…so close.
I had almost all of yesterday off. Then, at 11pm, I get an e-mail about a bug that apparently, no one else is willing to touch, because it’s part of the stove code, and since I was pretty much the only person to deal with that, I’m the only person willing to change it. Not that I don’t understand the reason why the other OE’s would be unwilling to mess with it, but basically, it meant that around midnight last night, I knocked down days 35 and 36 in one go.
Fortunately, the bug that I’d been called in about – one of the other guys who was there happened to figure out a 100% reproduceable case for it, and of all things, it turns out to have been crap legacy stuff I hadn’t rewritten from scratch this year – one of the only places I trusted the older code to work properly. So of course I got fucked.
But then another bug came in at 1 fucking 30 in the morning, just as I was about to leave, that was convoluted enough that I had to stay, as again, no one else was likely going to be willing to touch the code. So, I fixed the problem, then helped a coworker look at another problem, and finally left at about 3:45.
Whee.
Here’s the problem. QA ramped up weeks late on our project. At some point, management knew that we’d been short-shrifted on QA, and only now was it finally starting to actually behave like a proper process. At that point, they should have known that we would be late. After two weeks of completely crap QA, the amount of work we had left clearly hadn’t decreased by two weeks, and the critical holes in test (like the *complete* lack of a test plan for the food system) should have made it clear that we were *way* behind, and not at all due to the development team.

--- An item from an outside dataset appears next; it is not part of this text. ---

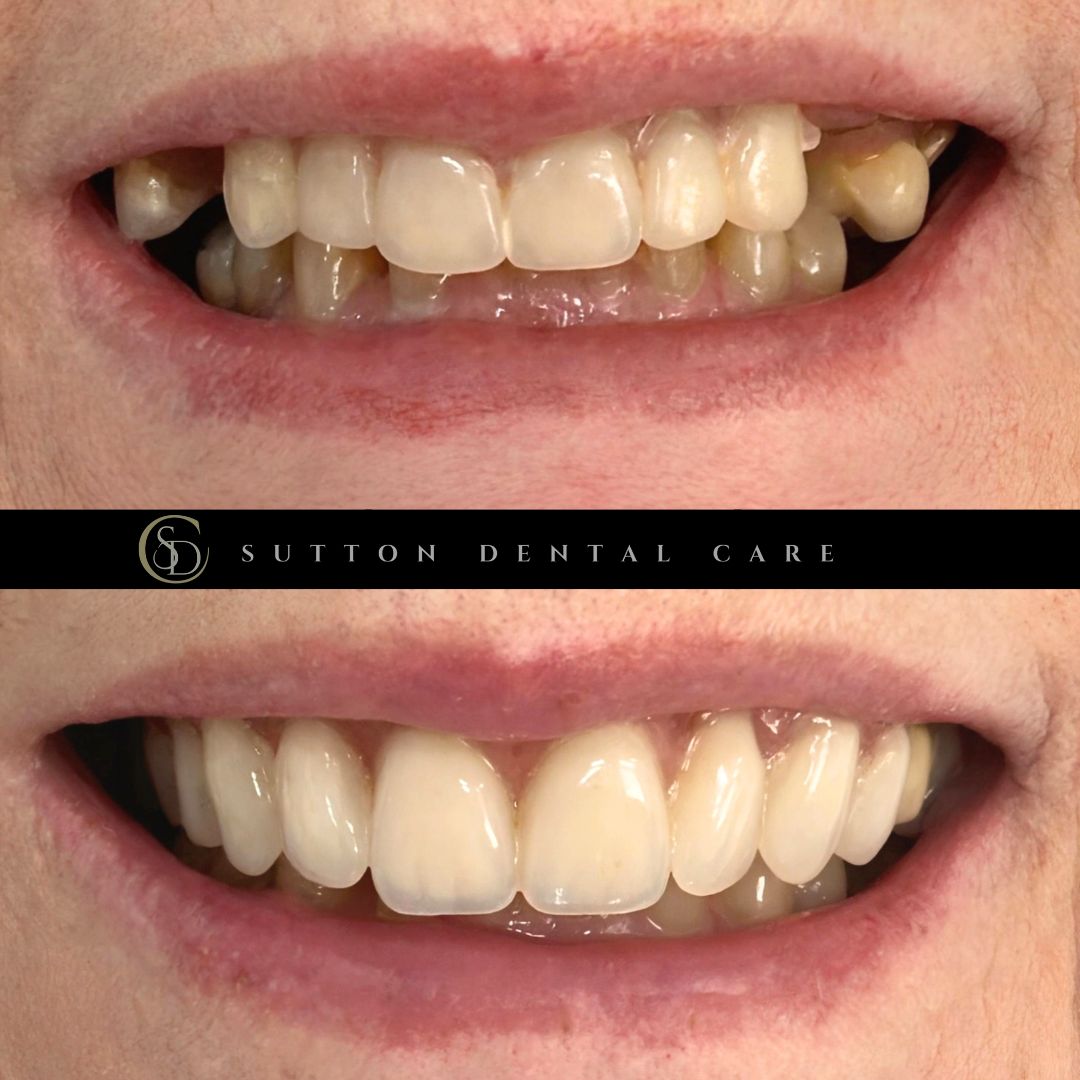 Dentures - Before & After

Yet, the decision – the conscious decision – was made by someone at that point to compress the necessary 5 or so weeks of bugfixing down to the two or three we had left. Fully knowing that the crunch that would ensue would be *insane*. And surely enough, it has been. I don’t mind the crunch, much, when I feel like I’m in it for some good reason. But this is basically EA sacrificing the developers because their QA system fucked up, and they still don’t want to miss their ship date.
So, all the hullaballoo about how after easpouse, they’d get better, or change their ways, is all bullshit, when it comes down to it. Even when they *know* they’re going to be intentionally screwing over a bunch of people, pushing them to burn out, they’re simply going to do it because the bottom line matters more than their talent.
Well, that’s fine, if people want to live like fucking dogs, but it’s not for me. I’m putting together a resume, and will be looking elsewhere. Maybe I won’t have the job security, maybe the stress, and the crunch, will be even worse – if that’s the case, I’ll simply look elsewhere. But really, it’s quite amazing how all the goodwill I can have towards a company can be blown away in just a few short weeks, when you know that you’ve been intentionally screwed. Fun stuff.